Publicly-traded companies are regularly criticized for optimizing around their quarterly earnings and not thinking long-term about their business, and I’m beginning to think that the stringent impact metrics imposed upon us (or self-imposed on ourselves) are our sector’s equivalent of quarterly earnings reports.
The pressure to arrive at proof might be getting in the way of thinking bigger, planning longer-term, and acting upstream. For a publicly-traded company to disrupt itself and reinvent its business, it needs to contend with the reactions it will face in the public markets. Non-profits and social enterprises that are held to precise proof-points of impact face similar consequences: they struggle to work upstream into root causes, they are held back from thinking divergently about where the space is trending.

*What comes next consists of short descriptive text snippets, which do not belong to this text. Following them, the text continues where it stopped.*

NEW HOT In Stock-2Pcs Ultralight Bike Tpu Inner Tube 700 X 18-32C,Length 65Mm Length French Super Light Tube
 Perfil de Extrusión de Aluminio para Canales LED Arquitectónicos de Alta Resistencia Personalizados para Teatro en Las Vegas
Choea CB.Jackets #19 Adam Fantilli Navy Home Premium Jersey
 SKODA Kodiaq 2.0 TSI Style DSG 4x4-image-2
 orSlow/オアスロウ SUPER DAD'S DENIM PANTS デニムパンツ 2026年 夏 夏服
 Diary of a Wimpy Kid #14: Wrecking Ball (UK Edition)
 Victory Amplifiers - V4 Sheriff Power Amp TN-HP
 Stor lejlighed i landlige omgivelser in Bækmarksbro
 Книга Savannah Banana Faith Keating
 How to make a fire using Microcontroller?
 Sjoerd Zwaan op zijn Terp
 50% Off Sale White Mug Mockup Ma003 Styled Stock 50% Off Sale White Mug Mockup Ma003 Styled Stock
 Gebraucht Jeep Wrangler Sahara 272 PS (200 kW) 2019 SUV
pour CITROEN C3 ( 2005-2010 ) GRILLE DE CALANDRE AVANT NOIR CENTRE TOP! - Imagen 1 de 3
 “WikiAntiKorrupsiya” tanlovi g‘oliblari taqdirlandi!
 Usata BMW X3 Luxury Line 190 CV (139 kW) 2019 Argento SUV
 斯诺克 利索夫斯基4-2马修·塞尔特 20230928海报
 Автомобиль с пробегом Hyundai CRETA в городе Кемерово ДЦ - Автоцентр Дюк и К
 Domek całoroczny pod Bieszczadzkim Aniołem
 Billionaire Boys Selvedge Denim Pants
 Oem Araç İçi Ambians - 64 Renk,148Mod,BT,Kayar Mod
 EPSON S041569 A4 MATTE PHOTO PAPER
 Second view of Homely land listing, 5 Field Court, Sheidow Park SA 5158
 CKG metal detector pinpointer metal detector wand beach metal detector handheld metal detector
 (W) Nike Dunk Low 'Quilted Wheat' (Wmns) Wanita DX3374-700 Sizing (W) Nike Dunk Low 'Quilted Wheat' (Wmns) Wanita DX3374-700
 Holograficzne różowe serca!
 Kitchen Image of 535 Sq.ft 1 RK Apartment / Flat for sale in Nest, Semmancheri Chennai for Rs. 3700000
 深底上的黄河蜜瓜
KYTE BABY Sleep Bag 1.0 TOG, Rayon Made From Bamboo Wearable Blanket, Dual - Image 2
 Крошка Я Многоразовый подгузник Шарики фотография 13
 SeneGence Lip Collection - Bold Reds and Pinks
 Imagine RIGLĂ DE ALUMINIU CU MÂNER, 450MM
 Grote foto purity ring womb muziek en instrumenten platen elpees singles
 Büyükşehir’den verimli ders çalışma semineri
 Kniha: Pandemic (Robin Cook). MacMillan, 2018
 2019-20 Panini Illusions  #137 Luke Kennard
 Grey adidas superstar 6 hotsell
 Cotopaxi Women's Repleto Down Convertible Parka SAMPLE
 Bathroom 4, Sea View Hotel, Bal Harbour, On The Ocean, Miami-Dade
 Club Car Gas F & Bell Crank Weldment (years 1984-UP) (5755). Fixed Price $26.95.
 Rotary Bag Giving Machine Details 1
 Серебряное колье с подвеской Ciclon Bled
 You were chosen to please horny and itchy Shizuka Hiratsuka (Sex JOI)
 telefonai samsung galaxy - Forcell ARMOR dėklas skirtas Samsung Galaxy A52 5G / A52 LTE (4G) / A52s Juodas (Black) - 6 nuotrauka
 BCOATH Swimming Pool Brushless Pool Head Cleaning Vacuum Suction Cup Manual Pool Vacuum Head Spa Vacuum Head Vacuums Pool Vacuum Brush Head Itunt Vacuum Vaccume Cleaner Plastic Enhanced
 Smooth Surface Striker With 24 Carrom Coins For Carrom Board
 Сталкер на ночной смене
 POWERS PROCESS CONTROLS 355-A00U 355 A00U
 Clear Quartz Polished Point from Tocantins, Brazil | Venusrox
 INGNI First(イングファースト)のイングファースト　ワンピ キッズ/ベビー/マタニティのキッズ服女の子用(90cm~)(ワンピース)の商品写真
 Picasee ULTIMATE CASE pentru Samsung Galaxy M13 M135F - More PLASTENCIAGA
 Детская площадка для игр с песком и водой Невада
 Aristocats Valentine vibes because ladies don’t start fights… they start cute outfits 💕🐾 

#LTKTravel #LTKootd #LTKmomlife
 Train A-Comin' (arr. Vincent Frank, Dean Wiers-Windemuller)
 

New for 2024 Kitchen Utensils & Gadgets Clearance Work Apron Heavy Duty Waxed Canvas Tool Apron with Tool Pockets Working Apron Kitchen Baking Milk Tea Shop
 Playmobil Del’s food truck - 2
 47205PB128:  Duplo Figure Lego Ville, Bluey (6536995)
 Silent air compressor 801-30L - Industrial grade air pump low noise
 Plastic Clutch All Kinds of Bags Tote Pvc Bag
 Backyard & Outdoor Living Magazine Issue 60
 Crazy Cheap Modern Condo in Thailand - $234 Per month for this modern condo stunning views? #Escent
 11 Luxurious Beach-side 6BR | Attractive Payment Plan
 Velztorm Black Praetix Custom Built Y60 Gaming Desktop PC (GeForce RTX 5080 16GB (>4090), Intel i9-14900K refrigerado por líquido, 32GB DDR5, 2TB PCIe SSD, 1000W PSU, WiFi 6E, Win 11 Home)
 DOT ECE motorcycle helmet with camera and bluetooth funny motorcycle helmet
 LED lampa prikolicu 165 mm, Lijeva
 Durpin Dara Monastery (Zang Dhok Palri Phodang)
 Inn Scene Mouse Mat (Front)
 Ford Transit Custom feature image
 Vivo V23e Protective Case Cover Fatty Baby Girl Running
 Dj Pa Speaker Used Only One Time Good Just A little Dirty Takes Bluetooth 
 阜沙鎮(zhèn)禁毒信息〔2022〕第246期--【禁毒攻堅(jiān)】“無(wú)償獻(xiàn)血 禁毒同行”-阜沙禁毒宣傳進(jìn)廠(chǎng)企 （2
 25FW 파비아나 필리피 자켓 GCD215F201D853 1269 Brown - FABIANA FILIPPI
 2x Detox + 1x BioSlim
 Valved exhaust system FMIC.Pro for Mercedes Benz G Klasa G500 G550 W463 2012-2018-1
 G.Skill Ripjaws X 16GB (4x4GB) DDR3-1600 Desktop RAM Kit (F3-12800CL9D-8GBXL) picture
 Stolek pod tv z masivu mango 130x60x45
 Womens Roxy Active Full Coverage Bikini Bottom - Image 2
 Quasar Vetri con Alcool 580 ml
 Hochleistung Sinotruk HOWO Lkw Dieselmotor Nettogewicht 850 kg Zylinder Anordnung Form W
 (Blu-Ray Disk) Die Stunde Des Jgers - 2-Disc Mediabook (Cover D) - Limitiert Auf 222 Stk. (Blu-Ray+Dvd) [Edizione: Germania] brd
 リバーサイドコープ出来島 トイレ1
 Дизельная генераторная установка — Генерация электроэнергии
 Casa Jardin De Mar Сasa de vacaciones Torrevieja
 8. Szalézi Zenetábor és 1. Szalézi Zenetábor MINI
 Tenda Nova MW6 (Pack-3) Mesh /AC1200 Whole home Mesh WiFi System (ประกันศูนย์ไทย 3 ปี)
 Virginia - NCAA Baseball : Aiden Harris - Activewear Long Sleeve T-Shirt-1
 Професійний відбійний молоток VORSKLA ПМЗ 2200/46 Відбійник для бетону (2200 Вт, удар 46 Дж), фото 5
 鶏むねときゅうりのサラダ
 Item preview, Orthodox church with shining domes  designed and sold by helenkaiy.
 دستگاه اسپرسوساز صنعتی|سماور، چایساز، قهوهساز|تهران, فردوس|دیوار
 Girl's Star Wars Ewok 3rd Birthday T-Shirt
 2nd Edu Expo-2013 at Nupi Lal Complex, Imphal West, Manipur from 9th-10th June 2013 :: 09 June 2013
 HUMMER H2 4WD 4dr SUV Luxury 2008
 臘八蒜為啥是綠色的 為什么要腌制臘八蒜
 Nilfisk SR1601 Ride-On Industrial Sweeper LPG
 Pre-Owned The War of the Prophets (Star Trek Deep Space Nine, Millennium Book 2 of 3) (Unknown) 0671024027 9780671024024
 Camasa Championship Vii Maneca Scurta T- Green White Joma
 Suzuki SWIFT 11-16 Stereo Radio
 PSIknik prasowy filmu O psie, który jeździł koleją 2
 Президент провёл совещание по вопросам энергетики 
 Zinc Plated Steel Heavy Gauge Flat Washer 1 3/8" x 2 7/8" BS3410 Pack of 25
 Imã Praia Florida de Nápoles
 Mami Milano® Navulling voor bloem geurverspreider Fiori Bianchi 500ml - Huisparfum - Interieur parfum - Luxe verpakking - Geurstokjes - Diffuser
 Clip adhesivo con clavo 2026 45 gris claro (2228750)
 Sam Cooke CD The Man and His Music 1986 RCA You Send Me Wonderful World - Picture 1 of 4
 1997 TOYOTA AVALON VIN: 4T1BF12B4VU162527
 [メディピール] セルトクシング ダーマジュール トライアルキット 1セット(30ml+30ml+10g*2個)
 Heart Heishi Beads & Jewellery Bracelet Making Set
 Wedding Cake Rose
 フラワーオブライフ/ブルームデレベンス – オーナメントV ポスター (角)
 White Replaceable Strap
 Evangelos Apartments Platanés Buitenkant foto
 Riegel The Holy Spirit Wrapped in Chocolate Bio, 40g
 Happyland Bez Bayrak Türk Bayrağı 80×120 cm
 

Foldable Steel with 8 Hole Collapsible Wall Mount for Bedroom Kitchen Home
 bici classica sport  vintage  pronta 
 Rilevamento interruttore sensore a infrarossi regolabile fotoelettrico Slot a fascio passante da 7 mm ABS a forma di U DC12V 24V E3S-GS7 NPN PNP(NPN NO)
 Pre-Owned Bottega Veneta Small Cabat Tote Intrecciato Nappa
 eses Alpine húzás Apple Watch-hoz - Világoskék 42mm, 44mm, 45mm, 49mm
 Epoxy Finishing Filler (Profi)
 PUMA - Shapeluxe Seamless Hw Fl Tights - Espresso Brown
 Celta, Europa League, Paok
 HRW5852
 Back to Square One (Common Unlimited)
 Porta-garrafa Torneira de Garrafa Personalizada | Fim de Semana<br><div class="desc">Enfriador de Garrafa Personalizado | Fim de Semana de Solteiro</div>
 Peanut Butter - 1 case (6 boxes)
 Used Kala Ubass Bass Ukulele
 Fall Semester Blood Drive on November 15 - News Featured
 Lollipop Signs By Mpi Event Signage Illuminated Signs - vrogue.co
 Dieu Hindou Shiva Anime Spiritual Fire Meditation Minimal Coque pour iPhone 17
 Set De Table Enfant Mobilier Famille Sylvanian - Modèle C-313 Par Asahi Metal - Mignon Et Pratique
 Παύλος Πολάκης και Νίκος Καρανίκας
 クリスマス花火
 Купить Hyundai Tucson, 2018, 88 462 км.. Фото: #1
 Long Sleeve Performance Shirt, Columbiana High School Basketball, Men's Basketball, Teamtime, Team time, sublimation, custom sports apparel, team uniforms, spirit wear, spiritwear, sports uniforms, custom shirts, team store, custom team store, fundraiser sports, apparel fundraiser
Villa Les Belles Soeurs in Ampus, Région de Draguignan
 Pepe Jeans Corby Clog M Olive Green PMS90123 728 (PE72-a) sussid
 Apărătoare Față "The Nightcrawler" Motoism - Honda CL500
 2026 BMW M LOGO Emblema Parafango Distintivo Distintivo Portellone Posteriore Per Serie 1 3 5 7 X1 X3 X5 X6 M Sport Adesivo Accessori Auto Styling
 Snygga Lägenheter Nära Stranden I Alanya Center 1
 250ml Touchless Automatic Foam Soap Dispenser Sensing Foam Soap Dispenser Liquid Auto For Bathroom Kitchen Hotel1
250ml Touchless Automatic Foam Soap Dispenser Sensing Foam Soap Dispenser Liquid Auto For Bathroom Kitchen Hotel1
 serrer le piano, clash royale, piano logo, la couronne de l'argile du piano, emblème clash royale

Better to demonstrate to a funder that we can guarantee delivery of 3,000 meals every month at the soup kitchen than to begin some imprecise, upstream work addressing the drivers of homeless that could be difficult to prove. That upstream work might not be effective (in which case funding is lost) and/or that upstream work might be so far upstream that it’s nearly impossible to prove effectiveness (in which case funding is also lost). Our system rewards short-term precision and proof because we are in a rat race that optimizes for the quick-ripening/low-hanging fruit of impact.
I’d suggest those of us in the impact investing, social enterprise, and philanthropic spaces consider two lines of inquiry:
- At what point are our standards of precision and our thresholds of proof a barrier to real impact instead of an enabler of it? We need to embrace greater imprecision and lower our standards of proof. For example, when the only eligible grantees for a foundation’s “big bet” are those with a randomized control trial, is that a big bet or a safe bet? As long as we operate within the narrow confines of precision, we limit our ability to try experimental or upstream approaches.
- When is our obsession with precision and proof of impact more about reinforcing our need to be right and less about determining that impact is actually happening? Is it possible that both the obsession with quantitative metrics and the relentless drive towards proof are sometimes more about our own fragile need to know beyond-a-shadow-of-a-doubt that our money and our work are actually effective? What is it about being imprecise that makes us so uncomfortable?